The Lady grew up cooking with her mother, grandmothers, and aunts.  Her style is rooted in British comfort foods, fresh and local ingredients.  She does most of the baking, veggies, and snacks.  Her greatest inspiration comes from reading other food blogs, emails from recipe sites and food magazines, just whatever looks tasty and seasonal!

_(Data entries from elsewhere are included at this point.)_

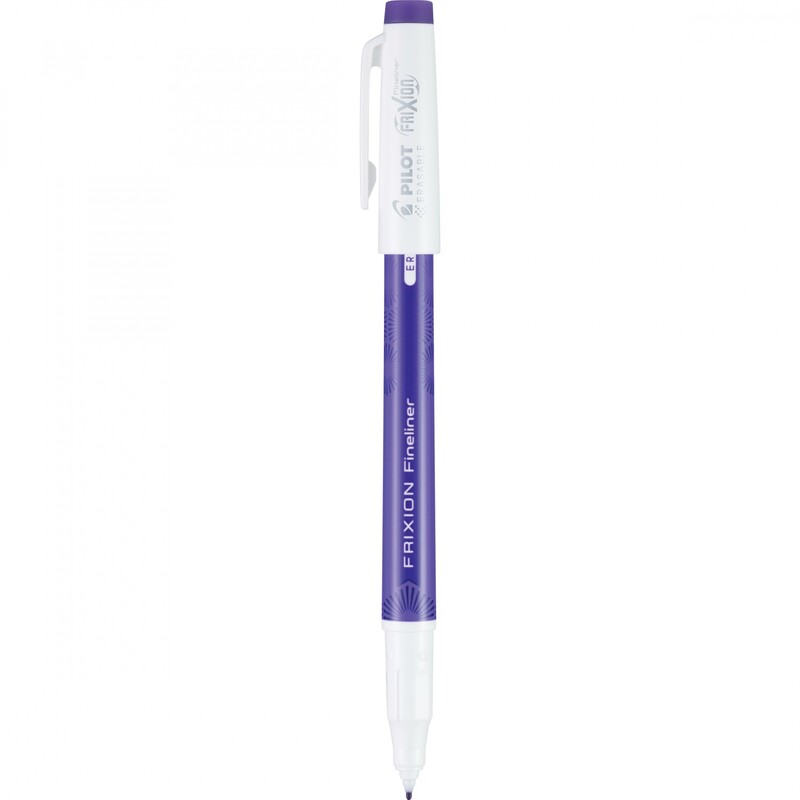 Frixion Fineliner Purple, with the cap off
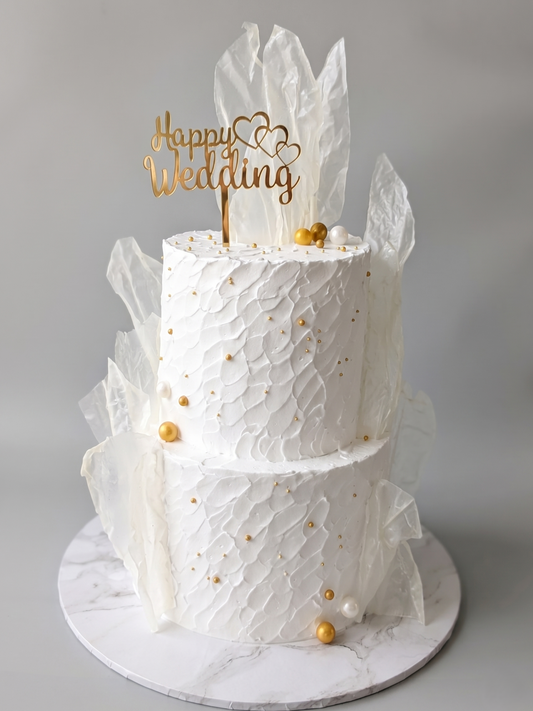 WC-245 2 Tier Double Height Rustic Finished with Rice Paper Cake #1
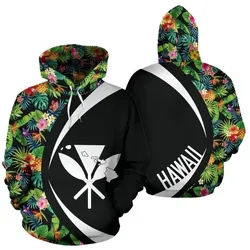 Alohawaii Hoodie - Kanaka Tropical Leaves And Plumeria Hoodie - Circle Style - AH - J1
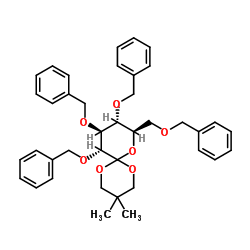 1,5-Anhydro-1,1-C-[(2,2-dimethyl-1,3-propanediyl)bis(oxy)]-2,3,4,6-tetrakis-O-(phenylmethyl)-D-glucitol structure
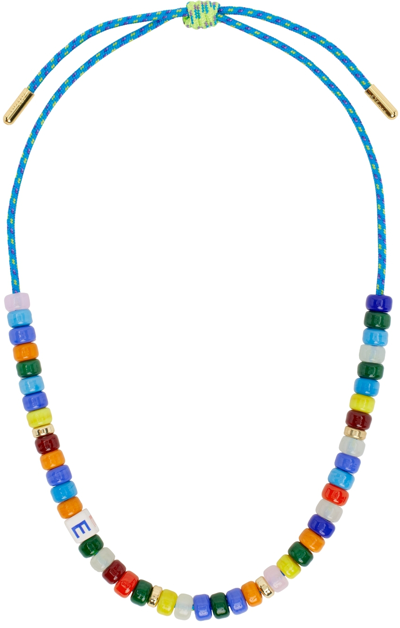 Eliou Buzio Cord, Bead And Gold-plated Necklace In Blue
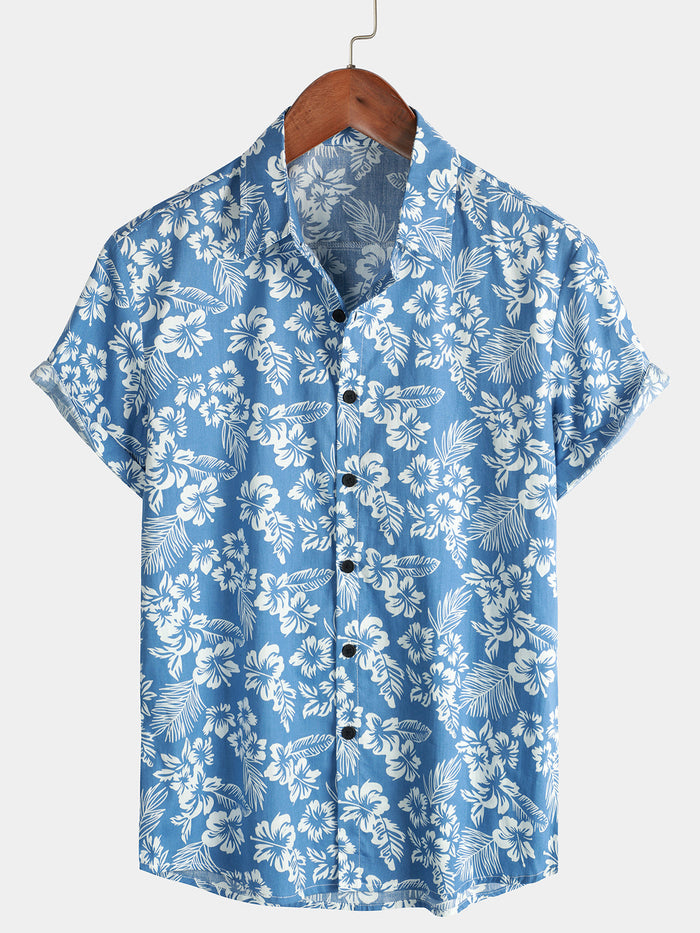 Tropical Blue Leaves Button-Up Short-Sleeve Beach Shirt, Aloha Resort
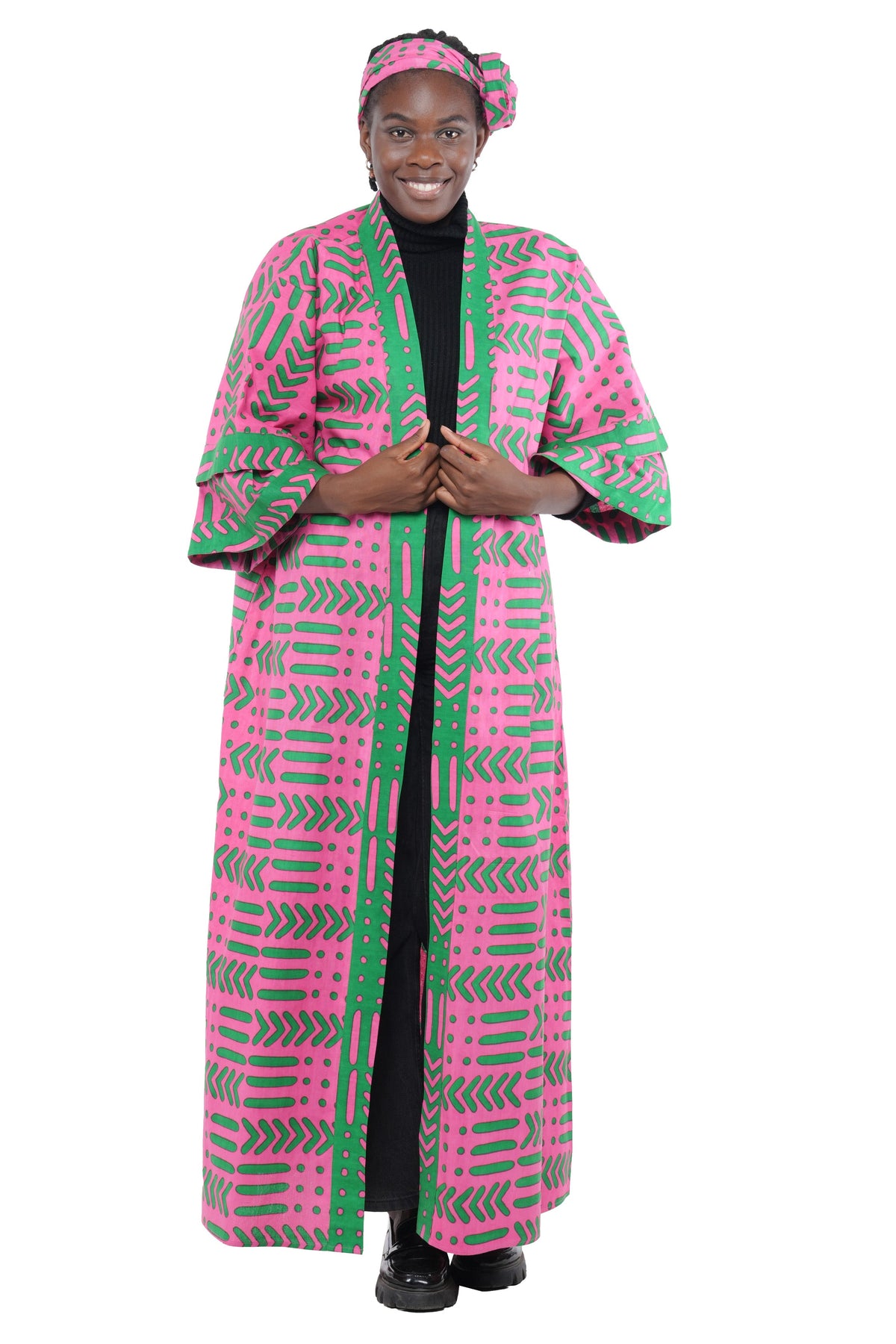 Long African Print Kimono for Women | One Size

We both like try new things: flavors, ingredients, styles, equipment, and roles in the kitchen.  Fall flavors are definitely a favorite and we've been cooking a lot recently

Food is central to our relationship, it's the reason we met.  Recently we decided to start sharing our meals and recipes with our friends (mostly via Facebook) and now we're going to be doing this in a more official capacity.

The inspiration:
I recently stumbled across a blog called The Food Librarian who informed me that yesterday was National Bundt Day.  There was an offer to post a picture of a bundt on your own blog or email her a picture and I thought "we could do that."  I have been reading food blogs and websites for the better part of the last four years but never thought of writing my own until yesterday

After 12 or so hours of trying to come up with a name, we finally settled on the one you see here (Kama Foodtra was already taken and the Lady is an art history nerd...don't get me started).  There's not going to be any consistent post schedule but we hope that having an audience will push us to be more creative and prolific in the kitchen.

Banana Bundt Bread with Cinnamon Streusel Crust
I started with an adapted version of this recipe, adding some spices and the streusal crust (blended flour, brown sugar, vanilla sugar, cinnamon and nutmeg with butter and coating the inside of the pan before adding batter).  I had hoped that the streusal (I never spell that word right on the first try) would stay a little crumbly but that didn't work out.  Instead it formed a crispy caramel-like layer around the banana bread, delicious happy accident.
I love this recipe, I used 5 large bananas that had been in my freezer for a month.  It is a very dense bread (weighs a TON) that accepts adaptations very well.  I often make it in the bundt pan because it's pretty that way and I have added various spices to it as well as chocolate chips on occasion.  It has a very rich, banana flavor that also toasts very well.

You can see the streusal crust along the top edge there.
Well, that's it for now, hopefully I'll be able to find the real camera instead of taking pictures with my phone and I can work on my food photography skills.  Wookie says he's going to post his signature cocktail recipe later today and give his own little intro.